E.13.d. Avoid Potentially Harmful Relationships. Counselors who provide forensic evaluations avoid potentially harmful professional or personal relationships with family members, romantic part- ners, and close friends of individuals they are evaluating or have evaluated in the past.
- CAMFT Code of Ethics, 2011
8.4 DUAL ROLES: Marriage and family therapists avoid providing both treatment and evaluations for the same clients or treatment units in legal proceedings such as child custody, visitation, dependency, or guardianship proceedings, unless otherwise required by law or initially appointed pursuant to court order.
- NASW Code of Ethics, 2017
1.06 Conflicts of Interest …. Social workers who anticipate a conflict of interest among the individuals receiving services or who anticipate having to perform in potentially conflicting roles (for example, when a social worker is asked to testify in a child custody dispute or divorce proceedings involving clients) should clarify their role with the parties involved and take appropriate action to minimize any conflict of interest.
- NBCC Code of Ethics, 2016
58. NCCs shall not provide forensic evaluation services concerning current or past clients or client’s family members. Also, NCCs shall not provide forensic evaluation services regarding their own family members, friends or professional associates.
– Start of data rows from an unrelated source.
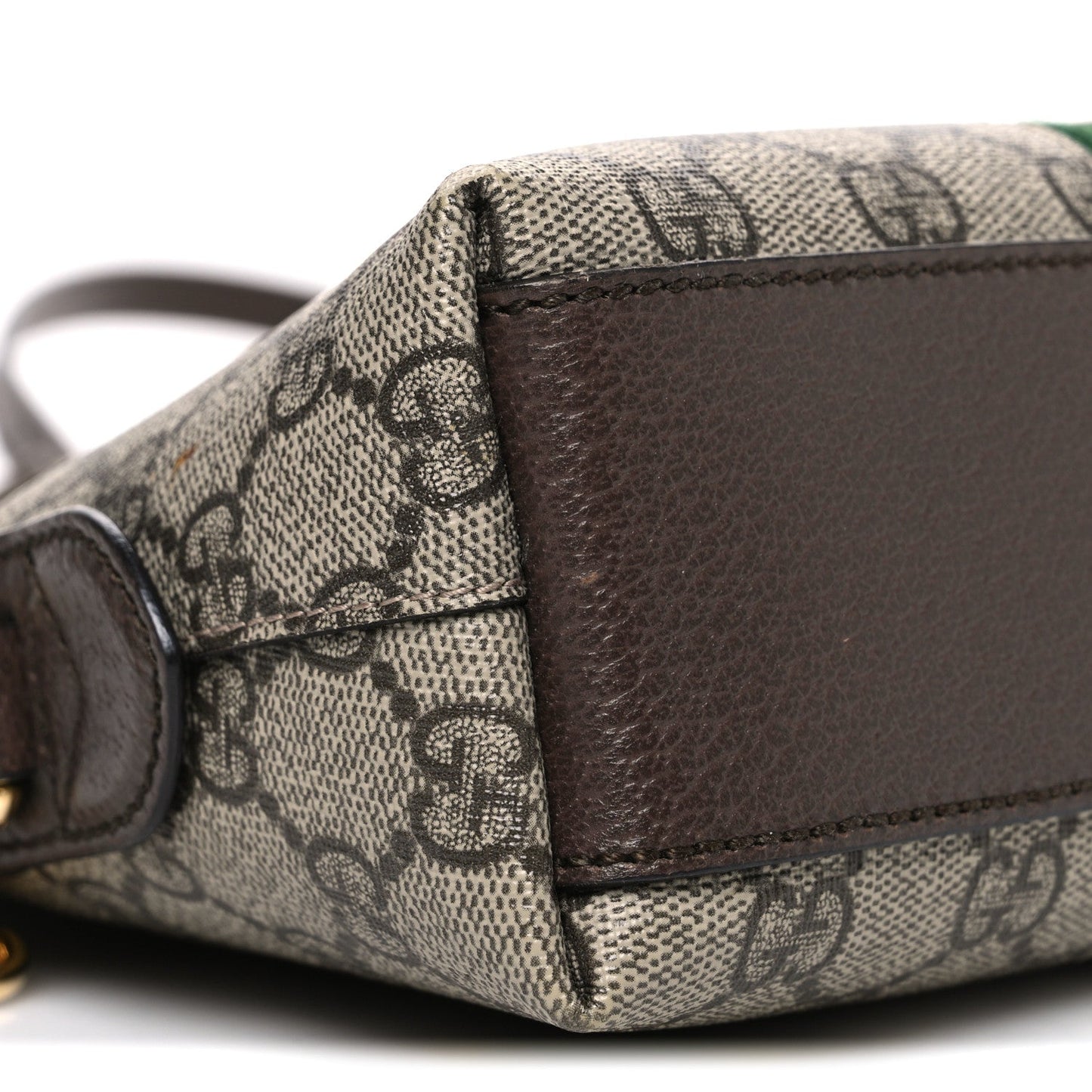 GG Supreme Monogram Textured Dollar Calfskin Web Small Ophidia Dome Shoulder Bag Beige Ebony New Acero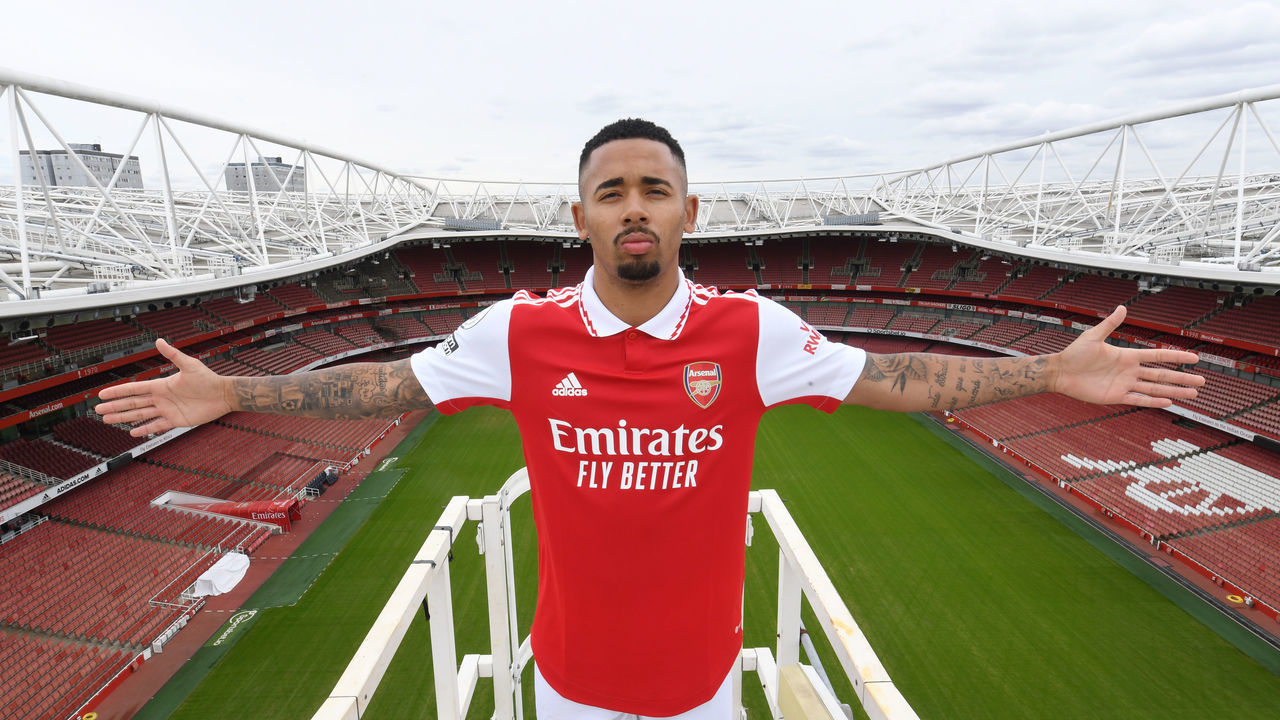 LONDON, ENGLAND - JULY 04: Arsenal Unveil New Signing Gabriel Jesus at Emirates Stadium on July 04, 2022 in London, England.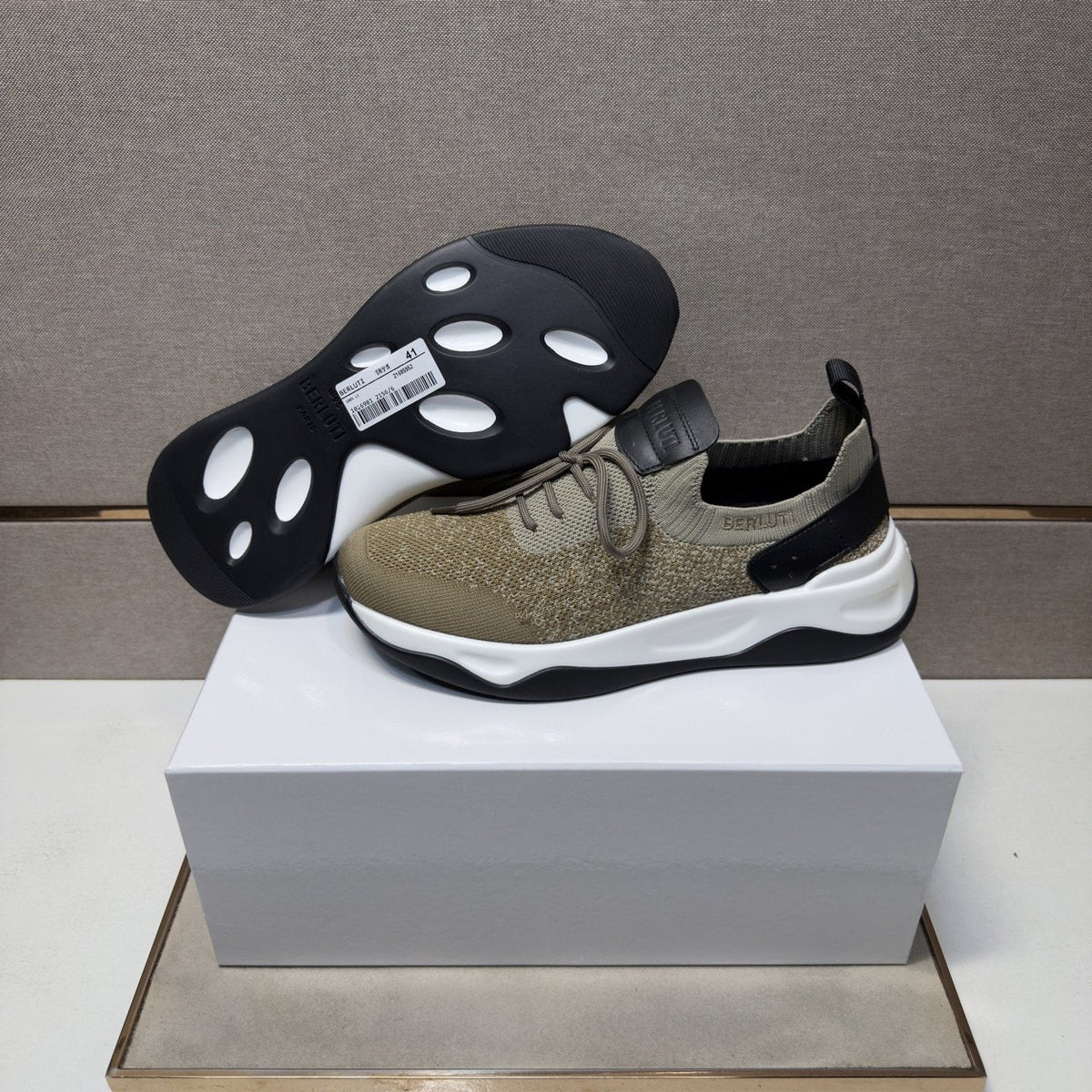 Berluti Olive Taupe Lace-Up Sneakers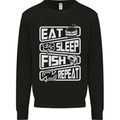 Eat Sleep Fish Funny Fishing Fisherman Kids Sweatshirt Jumper Black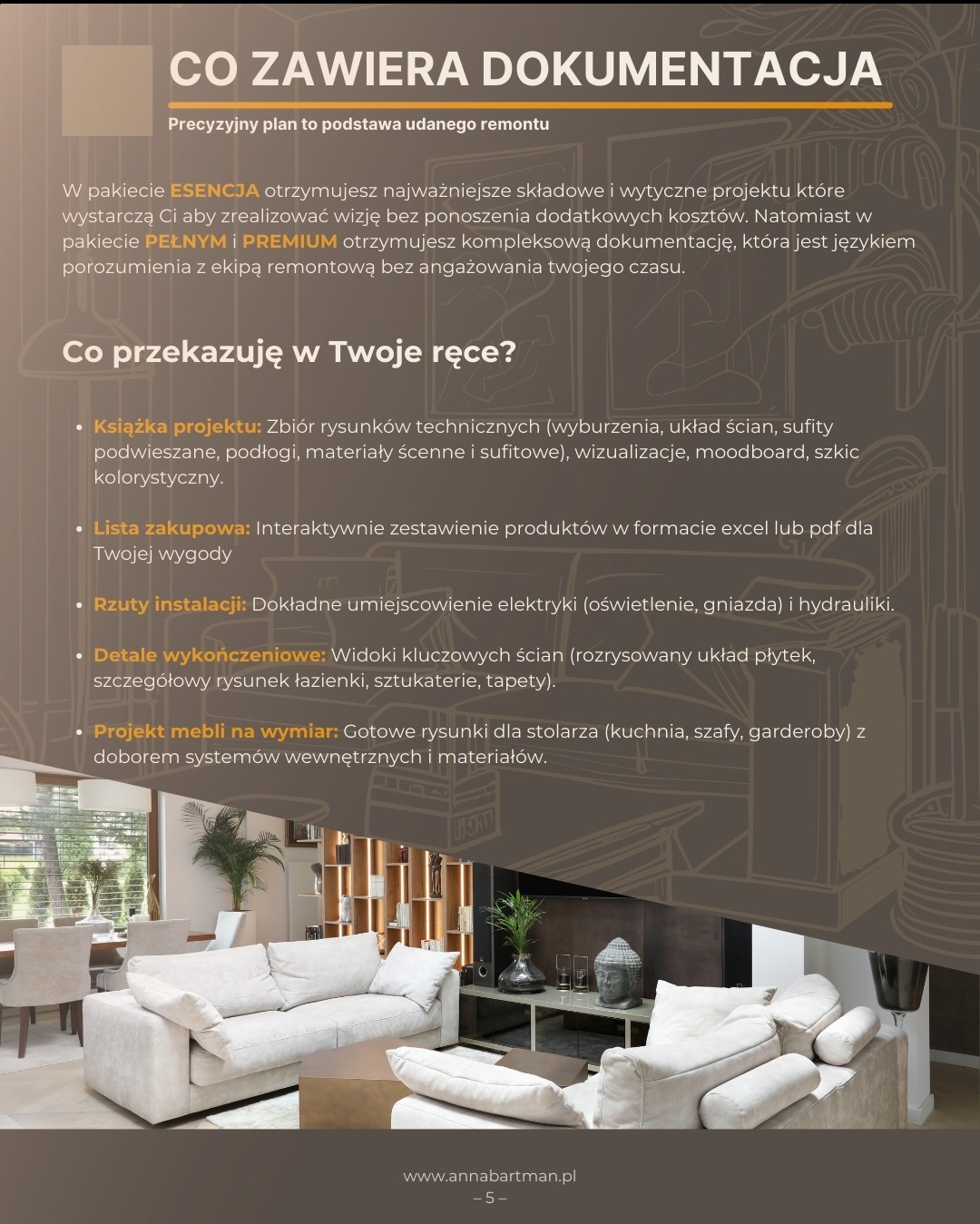 Dokumentacja projektowa aranżacji wnętrz: wizualizacje, rzuty instalacji, detale wykończeniowe, projekt mebli na wymiar. Salon w neutralnych barwach w tle.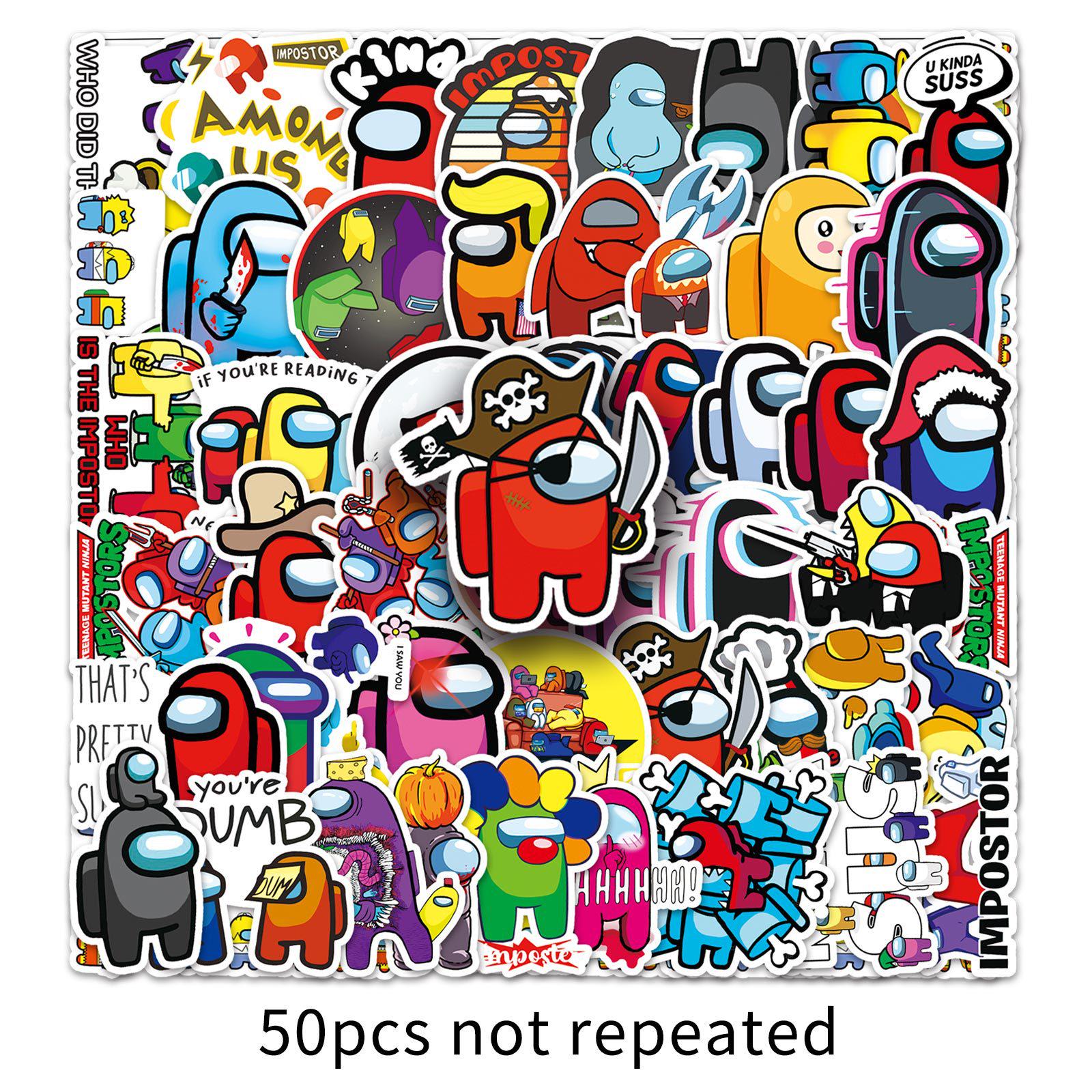 50PCS Among Us Astronaut Game Removable Stickers for Notebook, Planner, Luggage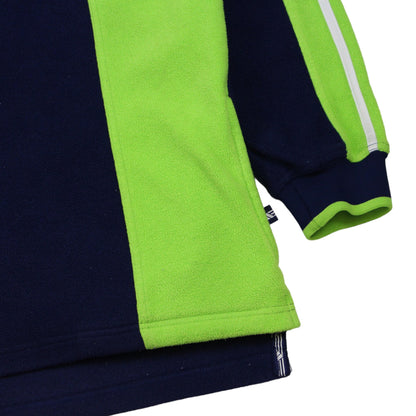 90s Adidas Navy/Green 1/4 Zip Fleece (XXL)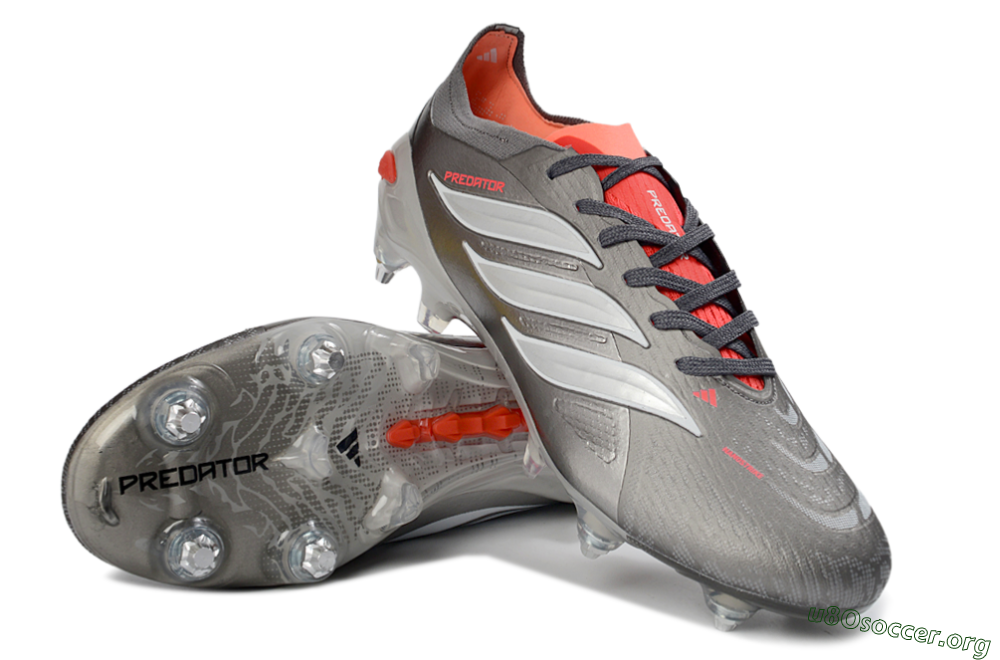 Adidas Predator 26 Elite SG Football Boots - Gray/Vibrant Red/Silver 0
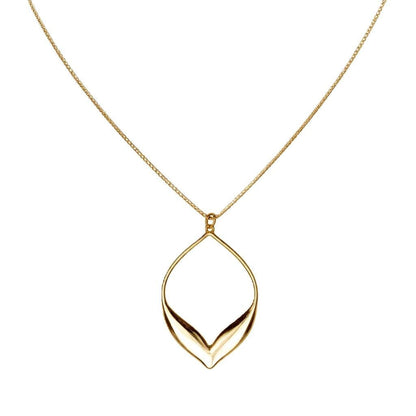 Falling Leaf Necklace Necklaces Iishii Designs NGL443LF Gold 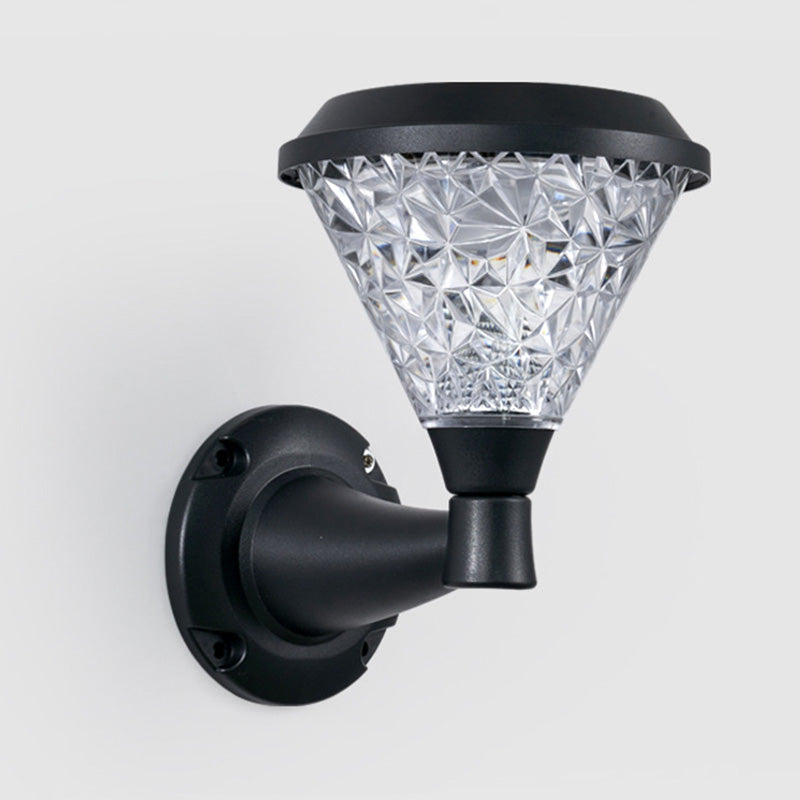 Minimalist Solar Square Round PC LED Wall Sconce Lamp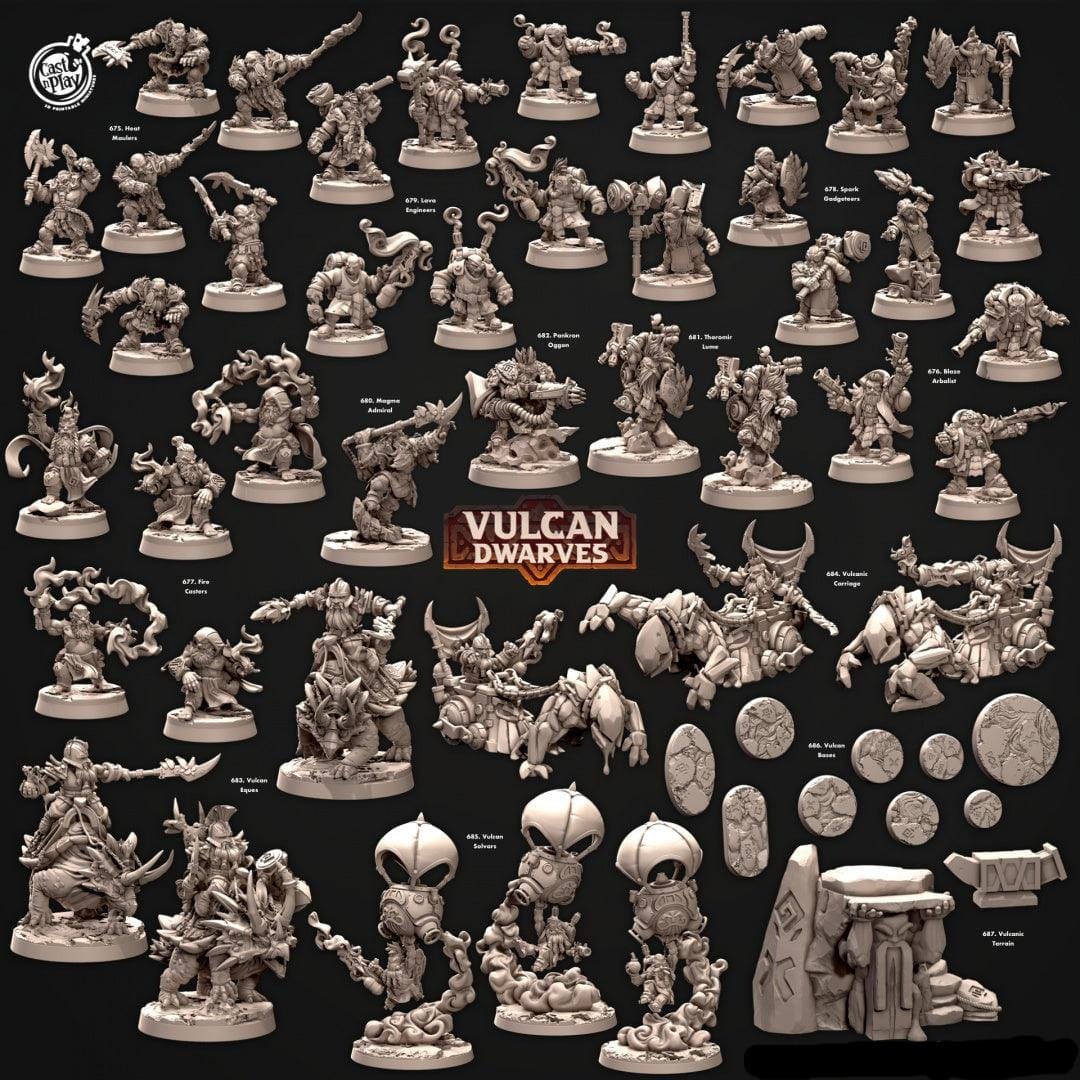 3D Printed Cast n Play 675 Heat Maulers Vulcan Dwarves Set 28mm 32mm D&D
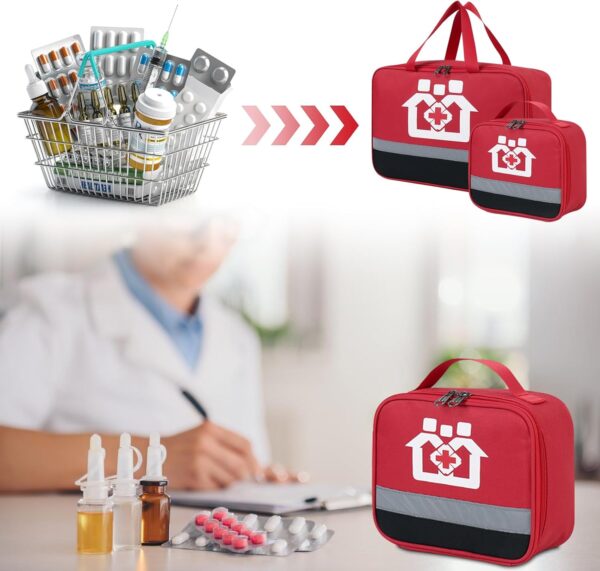 Bolsa de medicamentos, 2 piezas bolsa de medicamentos, bolsa de primeros auxilios impermeable, bolsa de emergencia médica de gran capacidad, bolsa de almacenamiento vacía para la escuela, viajes, - Image 3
7.7 Separation of Custody Evaluation from Therapy. Marriage and family therapists avoid conflicts of interest in treating minors or adults involved in custody or visitation actions by not performing evaluations for custody, residence, or visitation of the minor. Marriage and family therapists who treat minors may provide the court or mental health professional performing the evaluation with information about the minor from the marriage and family therapist’s perspective as a treating marriage and family therapist, so long as the marriage and family therapist obtains appropriate consents to release information.
American Psychological Association (APA) (2016): A psychologist refrains from entering into a multiple relationship if the multiple relationship could reasonably be expected to impair the psychologist’s objectivity, competence, or effectiveness in performing his or her functions as a psychologist, or otherwise risks exploitation or harm to the person with whom the professional relationship exists.
National Association of Social Workers (NASW) (2017): Social workers should not engage in dual or multiple relationships with clients or former clients in which there is a risk of exploitation or potential harm to the client. In instances when dual or multiple relationships are unavoidable, social workers should take steps to protect clients and are responsible for setting clear, appropriate, and culturally sensitive boundaries.
California Association of Marriage and Family Therapists (CAMFT) (2011): Marriage and family therapists therefore avoid dual relationships with patients that are reasonably likely to impair professional judgment or lead to exploitation.